Causality can divide binlog into multiple groups through conflict detection and execute them concurrently to the downstream. DM controls the concurrency by setting worker-count. When the CPU usage of the downstream TiDB is not high, increasing the concurrency can effectively improve the throughput of data replication.

You can modify the number of threads that concurrently migrate DML by modifying the syncer.worker-count configuration item.

Batch

DM batches multiple DMLs into a single transaction and executes it to the downstream. When a DML worker receives a DML, it adds the DML to the cache. When the number of DMLs in the cache reaches the preset threshold, or the DML worker does not receive DML for a long time, the DML worker executes the DMLs in the cache to the downstream.

You can modify the number of DMLs contained in a transaction by modifying the syncer.batch configuration item.

checkpoint

The operation of executing DML and updating checkpoint is not atomic.

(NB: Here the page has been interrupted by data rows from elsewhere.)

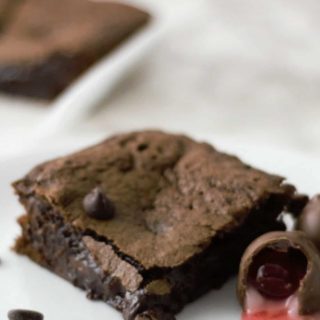 Chocolate Covered Cherry Cordial Brownies on a plate.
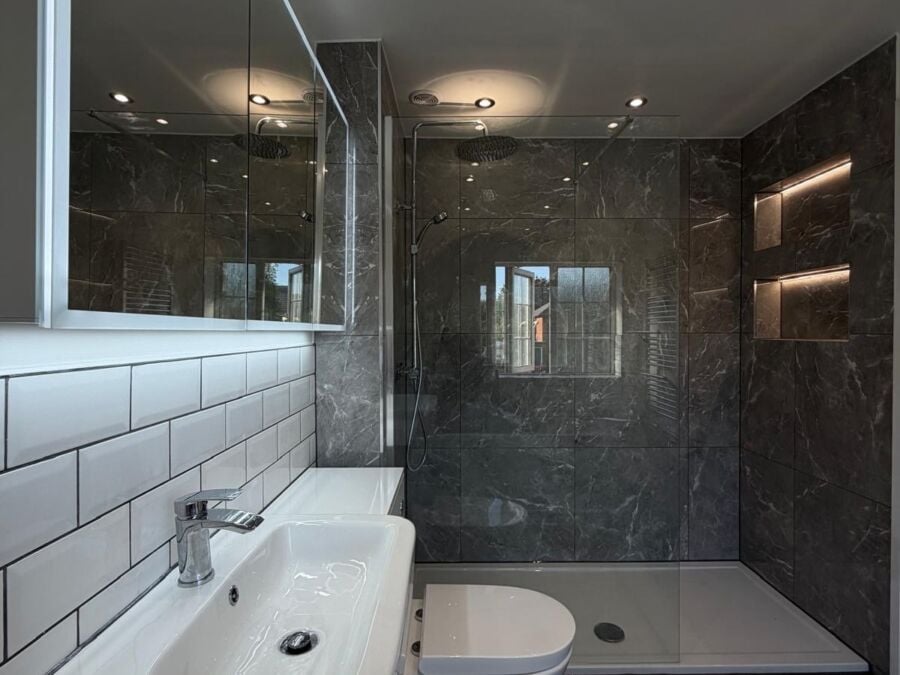 Shower room with marble effect tiles, white metro tiles and a lit niche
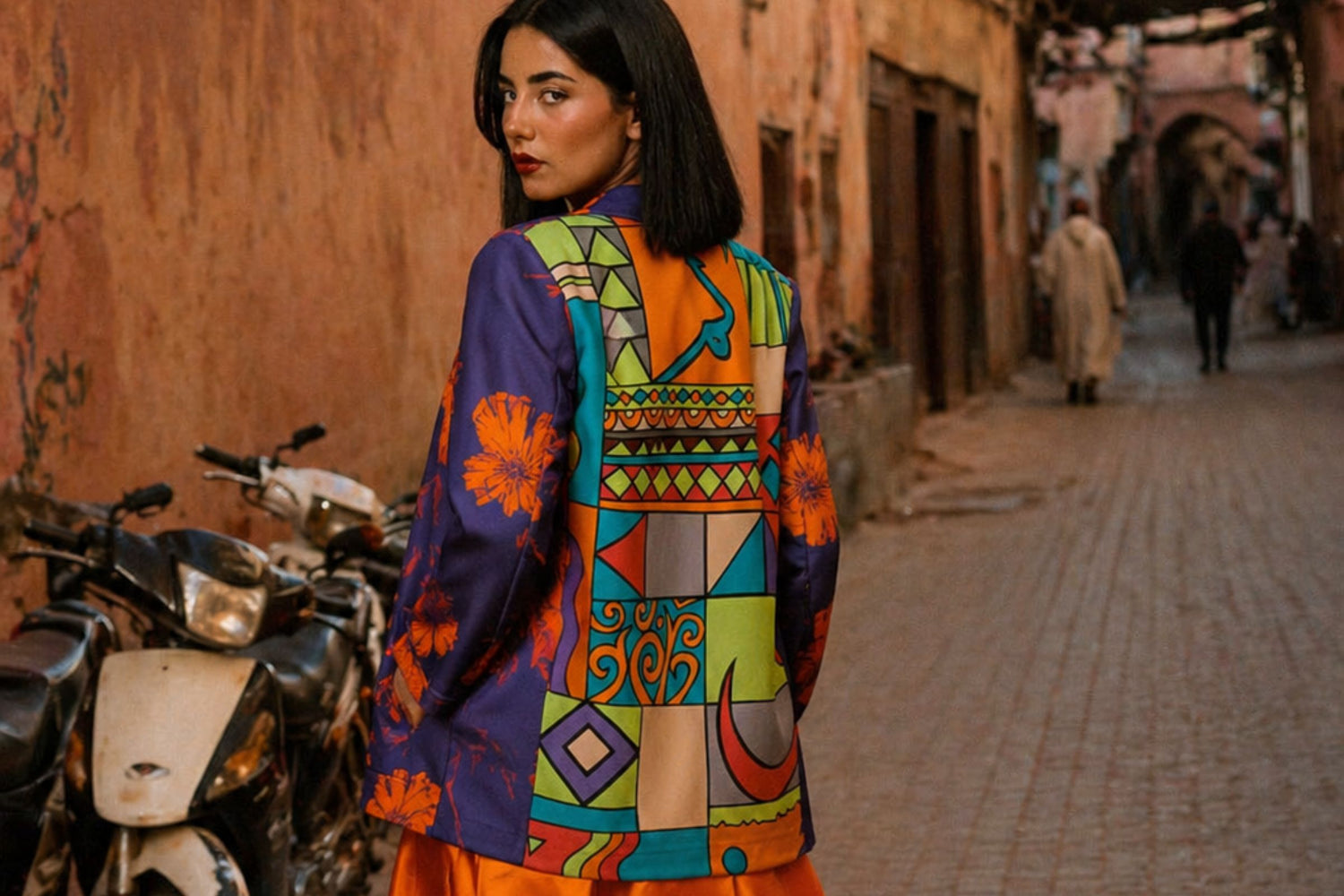 A woman stands in a narrow outdoor street wearing a colorful patterned jacket with geometric and floral motifs in purple, orange, green, yellow, and blue. Motorbikes are parked on the left, and buildings line the background.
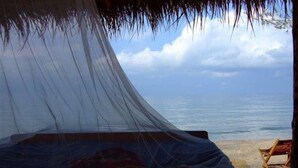 A beach tent with a canopy, a bed, and a view of the sea. - Chez Paou (Sihanoukville)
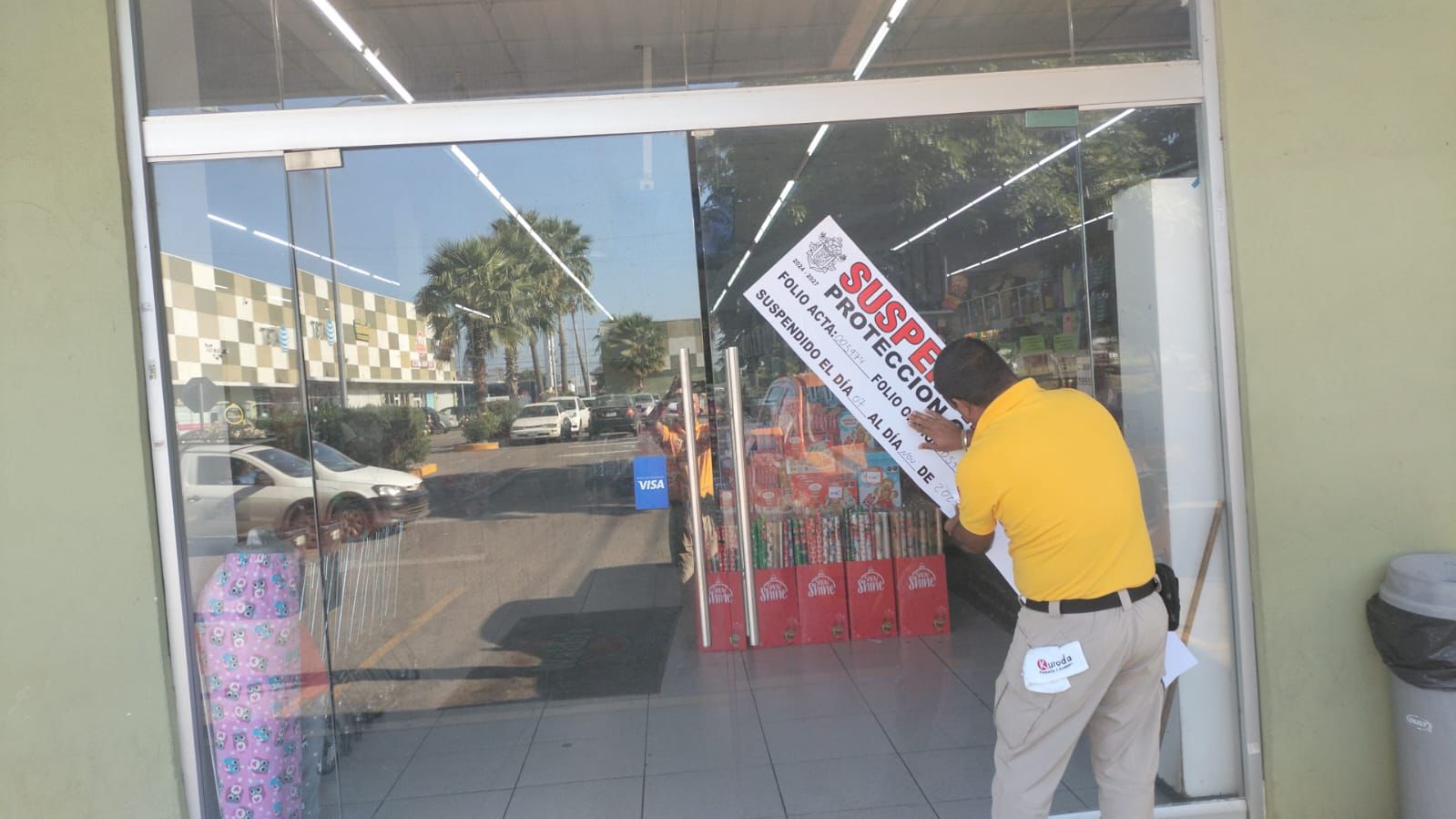 Elemento de Protección Civil colocando logo de clausurado a la puerta principal de una tienda Waldo s en Mazatlán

In DM, checkpoint is updated every 30 seconds by default. Because there are multiple DML worker processes, the checkpoint process calculates the binlog position of the earliest replication progress of all DML workers, and uses this position as the current replication checkpoint. All binlogs earlier than this position are guaranteed to be successfully executed to the downstream.

Notes

Transaction consistency

DM replicates data at the row level and does not guarantee transaction consistency. In DM, an upstream transaction is split into multiple rows and distributed to different DML workers for concurrent execution. Therefore, when the DM replication task reports an error and pauses, or when the user manually pauses the task, the downstream might be in an intermediate state. That is, the DML statements in an upstream transaction might be partially replicated to the downstream, which might cause the downstream to be in an inconsistent state.

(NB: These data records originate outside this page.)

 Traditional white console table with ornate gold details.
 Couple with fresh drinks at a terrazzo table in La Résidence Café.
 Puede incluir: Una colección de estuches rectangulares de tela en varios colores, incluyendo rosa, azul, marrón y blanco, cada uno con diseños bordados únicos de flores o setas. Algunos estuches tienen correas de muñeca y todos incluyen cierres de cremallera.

To ensure that the downstream is in a consistent state when the task is paused as much as possible, starting from DM v5.3.0, DM waits for 10 seconds before pausing the task to ensure that all transactions from the upstream are replicated to the downstream. However, if a transaction is not replicated to the downstream within 10 seconds, the downstream might still be in an inconsistent state.

Safe mode

The operation of DML execution and checkpoint update is not atomic, and the operation of checkpoint update and writing data to the downstream is also not atomic. When DM exits abnormally, the checkpoint might only record a recovery point before the exit time. Therefore, when the task is restarted, DM might write the same data multiple times, which means that DM actually provides the "at least once processing" logic, and the same data might be processed more than once.

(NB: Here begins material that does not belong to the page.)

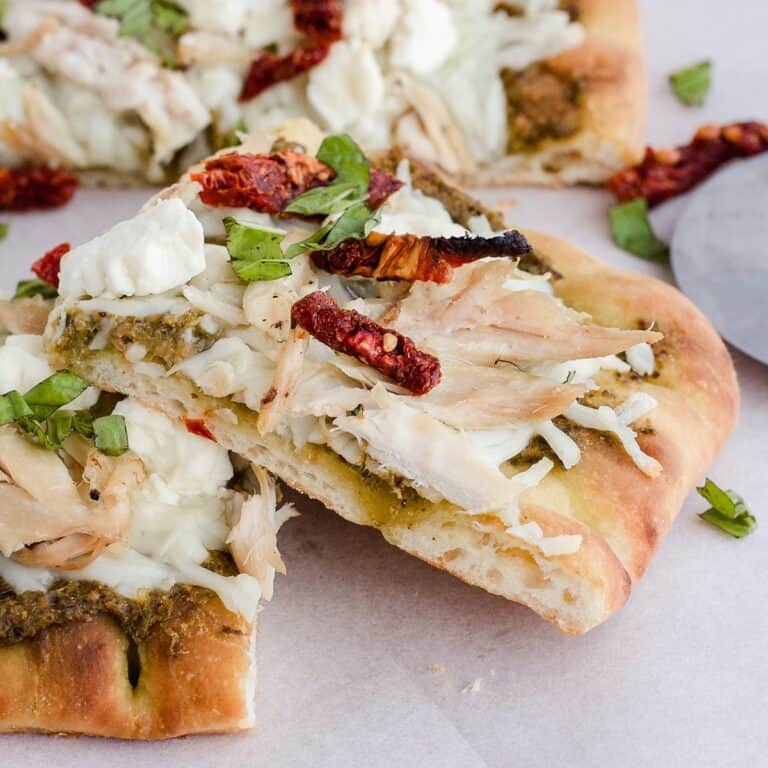 Pesto chicken flatbread pizza cut into squares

To make sure the data is reentrant, DM enters the safe mode when it restarts from an abnormal exit.

When the safe mode is enabled, to make sure that data can be processed multiple times, DM performs the following conversions:

Rewrite the INSERT statement of the upstream to the REPLACE statement.
Rewrite the UPDATE statement of the upstream to the DELETE + REPLACE statement.

Exactly-once processing

Currently, DM only guarantees eventual consistency and does not support "exactly-once processing" and "keeping the original order of transactions".